Прошло ещё девять лет. Наступил 1825-й. «По твоём отъезде перечёл я Державина всего, и вот моё окончательное мнение. Этот чудак не знал ни русской грамоты, ни духа русского языка (вот почему он и ниже Ломоносова). Он не имел понятия ни о слоге, ни о гармонии – ни даже о правилах стихосложения. Вот почему он и должен бесить всякое разборчивое ухо. Он не только не выдерживает оды, но не может выдержать и строфы (исключая чего, знаешь). Что ж в нём: мысли, картины и движения истинно поэтические; читая его, кажется, читаешь дурной, вольный перевод с какого-то чудесного подлинника. Ей-богу, его гений думал по-татарски – а русской грамоты не знал за недосугом. Державин, со временем переведённый, изумит Европу, а мы из гордости народной не скажем всего, что мы знаем об нём (не говоря уж о его министерстве). У Державина должно сохранить будет од восемь да несколько отрывков, а прочее сжечь. Гений его можно сравнить с гением Суворова – жаль, что наш поэт слишком часто кричал петухом…» (из письма А. Дельвигу, июнь 1825).

«Кумир Державина 1/4 золотой, 3/4 свинцовый доныне еще не оценен. Ода к Фелице стоит на ряду с «Вельможей», ода «Бог» с одой «На смерть Мещерского», ода к Зубову недавно открыта. <…> Отчего у нас нет гениев и мало талантов? Во-первых, у нас Державин и Крылов, во-вторых, где же бывает много талантов» (из письма А. Бестужеву, конец мая – начало июня 1825 года).

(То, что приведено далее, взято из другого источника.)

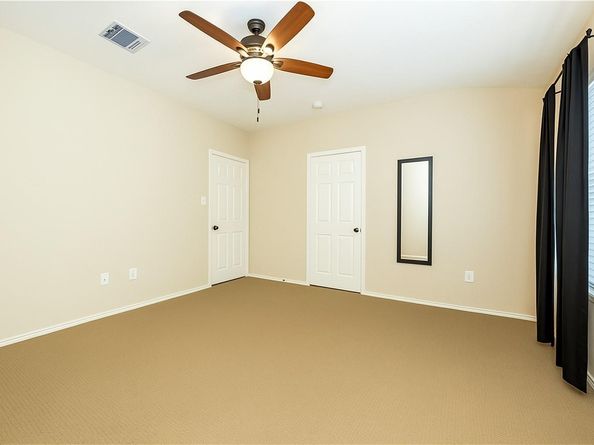 16100 S Great Oaks Dr 1001, Round Rock TX 78681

Однако, то ли время, то ли известные события, последовавшие за декабрём 1825 года, то ли всё это вместе, но отношение Пушкина начало реально меняться. Пушкин начал работу над восьмой главой «Евгения Онегина» 24 декабря 1829 года и закончил ее 25 сентября 1830 года. в Болдине. И вот мы читаем во второй строфе восьмой главы:

И свет её с улыбкой встретил;
Успех нас первый окрылил;
Старик Державин  нас заметил,
И в гроб сходя, благословил.

Там же, в Болдине, осенью поэт пишет: «Наша словесность с гордостью может поставить перед Европой «Историю» Карамзина, несколько од Державина, басен Крылова, пеан 12 года и несколько цветов северной элегической поэзии…» Обратите внимание, как изменился тон Пушкина по отношению к Державину! Он уже искренне гордиться им, уже перед Европой за Державина не стыдно, а даже совсем наоборот!

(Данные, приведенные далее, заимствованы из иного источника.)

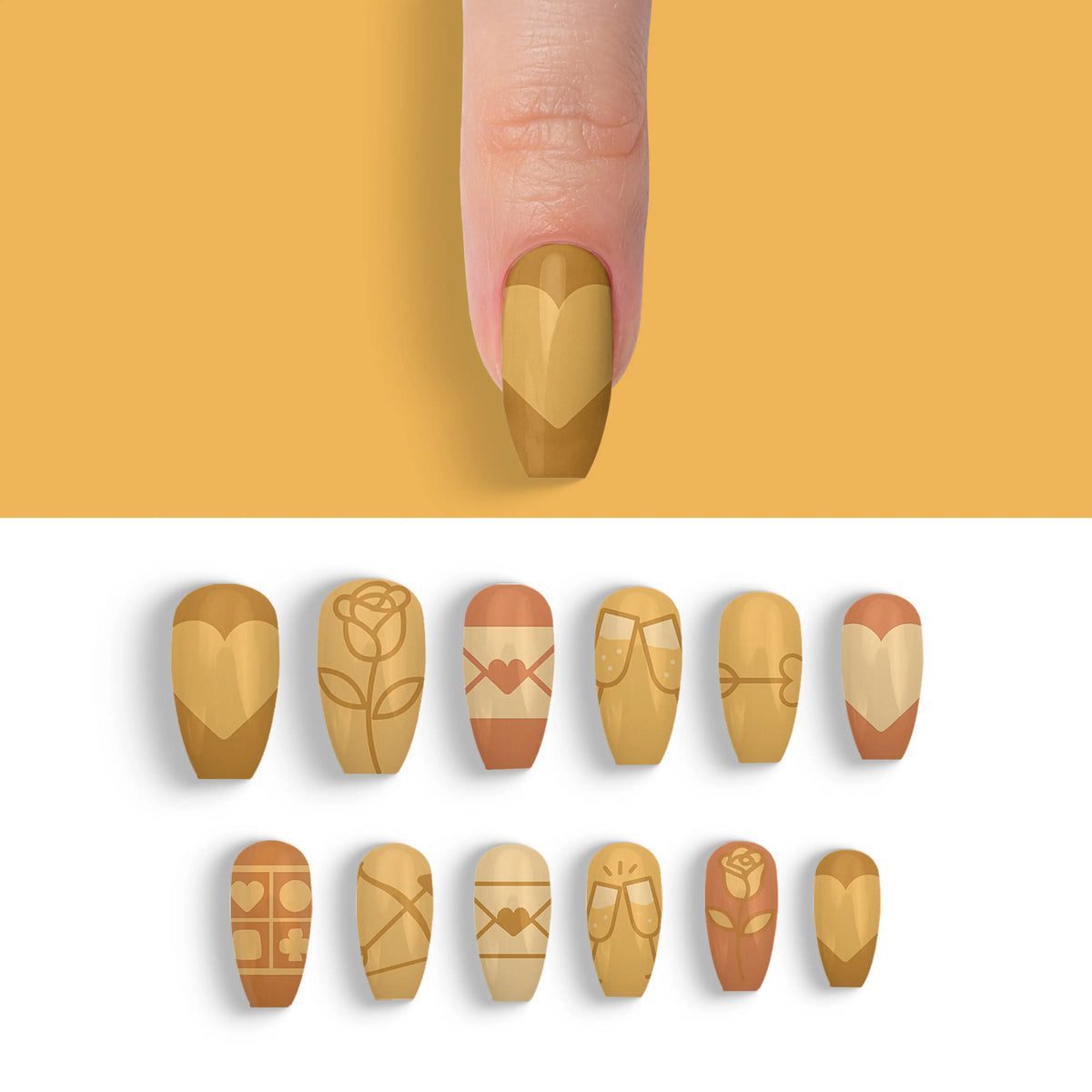 VIM_medium-ballerina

Вот ещё два примера кардинального изменения отношения Пушкина к Державину, о которых пишет в своей статье «Пушкин и Державин» М.К. Макогоненко:

«В последующие годы Пушкин будет с особой настойчивостью мотивировать свою творческую практику опытом своих предшественников, и Державина прежде всего. Одним из методов проявления этого замысла станет эпиграф. Важнейшее стихотворение «Осень» открывалось эпиграфом из «Жизни Званской».

Другой метод – прямая ссылка в художественном произведении на опыт Державина. Так сделал Пушкин в «Езерском»:

Допросом Музу беспокоя, 
С усмешкой скажет критик мой: 
«Куда завидного героя 
Избрали вы! Кто ваш герой?» 
– А что? Коллежский регистратор. 
Какой вы строгий литератор! 
Его пою – зачем же нет? 
Он мой приятель и сосед. 
Державин двух своих соседов 
И смерть Мещерского воспел; 
Певец Фелицы быть умел 
Певцом их свадеб, их обедов, 
И похорон, сменивших пир.

Но это не только ссылка на авторитет Державина – здесь Пушкин отчетливо формулирует свое понимание природы художественного новаторства Державина: он открыл поэзию жизни действительной, стал изображать обыкновенное.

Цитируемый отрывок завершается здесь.